Detailing the NBA and NBA Players Association agreed-upon drug policy in the South Florida Sun Sentinel, a report stated that “since 1983, the NBA and NBPA have jointly maintained and administered a comprehensive anti-drug program. The purpose of the program is to detect and deter the use of illegal and performance-enhancing drugs by players and to provide treatment and counseling for those who are struggling with substance abuse problems.

“Generally, the program prohibits players from using drugs of abuse (e.g., methamphetamine, MDMA, cocaine, opiates), marijuana (including synthetic cannabinoids), steroids, performance-enhancing drugs and masking agents (SPEDs) and diuretics.

“If a player tests positive for marijuana, or if he is convicted of, or pleads guilty to, the use or possession of marijuana, he will be required to submit to treatment, counseling and aftercare testing in the Program. A second violation will result in a $25,000 fine, a third violation will result in a five-game suspension and any subsequent violations will result in a suspension that is five games longer than the player’s immediately-preceding marijuana suspension. There is no penalty to a player coming forward voluntarily for marijuana or for a drug of abuse, if he has never been in the program for a drug of abuse.”

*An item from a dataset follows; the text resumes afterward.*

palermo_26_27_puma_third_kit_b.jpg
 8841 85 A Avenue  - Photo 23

The NBA plan was scrutinized when reports surfaced that Miami Heat guard Dion Waiters had ingesting a THC product on a plane flight. The NBA is prohibited from “publicly disclosing information regarding the testing or treatment of any NBA player.”

“That’s Waiters: W-A-I …”

Currently, 22 states have legalized marijuana for personal use. Almost every other state has significantly reduced consumption laws or are considering full legalization. Of course, Texas, still influenced by conservative leadership and the religious right, ranks at the bottom in terms of reducing marijuana laws.

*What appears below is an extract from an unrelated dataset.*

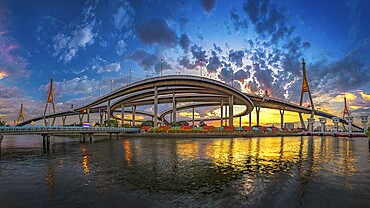 Panorama, The Bhumibol Bridge1 or Industrial Ring Bridge in night time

In the NBA, that means that players of the Portland Trailblazers, Denver Nuggets, Sacramento Kings, Golden State Warriors, Los Angeles Clippers and Lakers, Washington Wizards, Chicago Bulls, Charlotte Hornets, Detroit Pistons, Boston Celtics and Milwaukee Bucks reside in states where marijuana is legal but are still subject to testing. In the NFL, there are seven such teams.

The NFL will no longer suspend for positive tests, although players can still be fined. No pro sport is as physically punishing as football and players have long used marijuana for medicinal purposes. Scientific testing has confirmed that marijuana use for treatment is far better than using potentially addicting pain killers.

NFL stars Ricky Williams and Rob Gronkowski have been forthright about the benefits of marijuana. In 2016, the first active player, Eugene Monroe, offensive lineman of the Baltimore Ravens, petitioned the league to stop testing all together so he and others could take it to treat chronic pain. Monroe told the New York Times, “Why are they still testing at all? I don’t understand. Just move on from this and do the right thing and let the players make the choice. There’s no secret that players smoke marijuana.”

On Twitter, defensive back Quandre Diggs of the Seattle Seahawks may have said it best. “No lie. I could care less about the marijuana policy.” Still, many NFL owners saw easing the testing protocol as a concession to players.

It may be a small step, but it took years for the NFL to eliminate inferior artificial grass. Let’s see how long it takes the react to the allowing real grass.